Now, let’s examine our user table.
user | salt | password |
---|---|---|
pete | I7Yrs9THQyLxpVllSwbf | 9b7ec6d82075a9e7d8227897e8919785031b9a7cdab5750dea044390d1fd1f46 |
bill | K0kJJCQcVVqfLzykcpbP | 297d00ae29ff3c32fe874c00d0154085ac862a154b061c17cd465de7f1cdee9a |
jeff | NwV7PdmPUKY6GgScEUqu | c2936d36583d0513980e496005872e4954d142ed823b7b0b1abf28211efc538f |
andy | GpHrXjbQRTjObZWM7jbd | 0338bd60f7d761ce9c8922087e87c9ccb7936bb5f9c5c28d72fd28f4d8708e6b |
ron | iHh8SX7fQEF2WFUOfxEp | 07f459276c9be7d63aa8d57dac7468c8b16dd4367e91615fb9972543a707c403 |
We notice right away that none of the user’s hashes are the same. I didn’t change the passwords, but the salt values made the passwords unique so that they all hashed differently. We can no longer tell whose passwords are identical. Also, our plain dictionary attack no longer works. Even though we’ve telegraphed to the attacker what salt to use, the attacker would have to generate rainbow tables across their entire dictionary for each individual salt.

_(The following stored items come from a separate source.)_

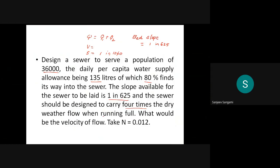The sewer is running completely full — not partial flow. When running full, we are not concerned about partial flow empirical formulas. We need to find the velocity of flow. Manning's roughness coefficient n is given as 0.012.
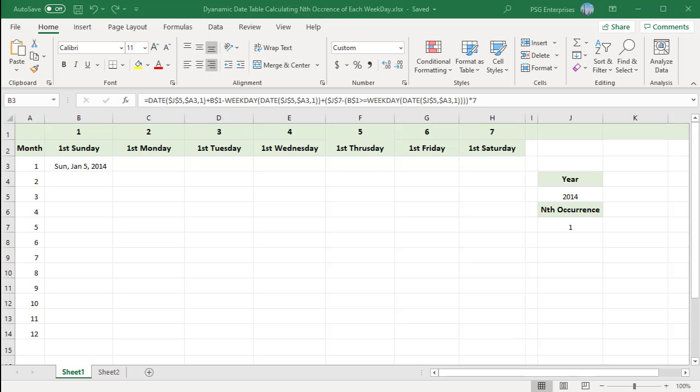Many analytical processes rely on knowing the dates of specific events. For example, if payroll processing occurs the second Friday of every month, it's beneficial to know which dates in the year represent the second Friday of each month.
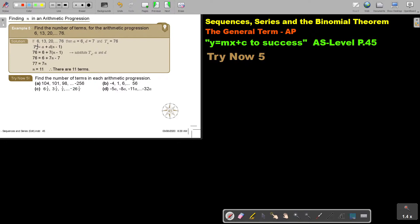Now, write your formula and start substituting everything. You basically start by saying: there's the 77, divide by 7, and N equals 11. There are 11 terms.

This isn’t 100% secure (nothing is), but this is a best practice and certainly will slow the attackers down. This method of storage, combined with strong passwords should keep your data as safe as it can be.
Thoughts? Disagreements? Share them in the comments section below.
EDIT (5/16/2014): I talked on my podcast referenced above about how easy it is to get behind or to overlook things if you do your own security as yet another reason NOT to do it. I recommended just using existing products or frameworks that have already been hardened over rolling your own. As a perfect example, I talked about doing all of this, but forgot about bcrypt (and others) that are much more secure, salt the value for you, and already have libraries in all of the major languages.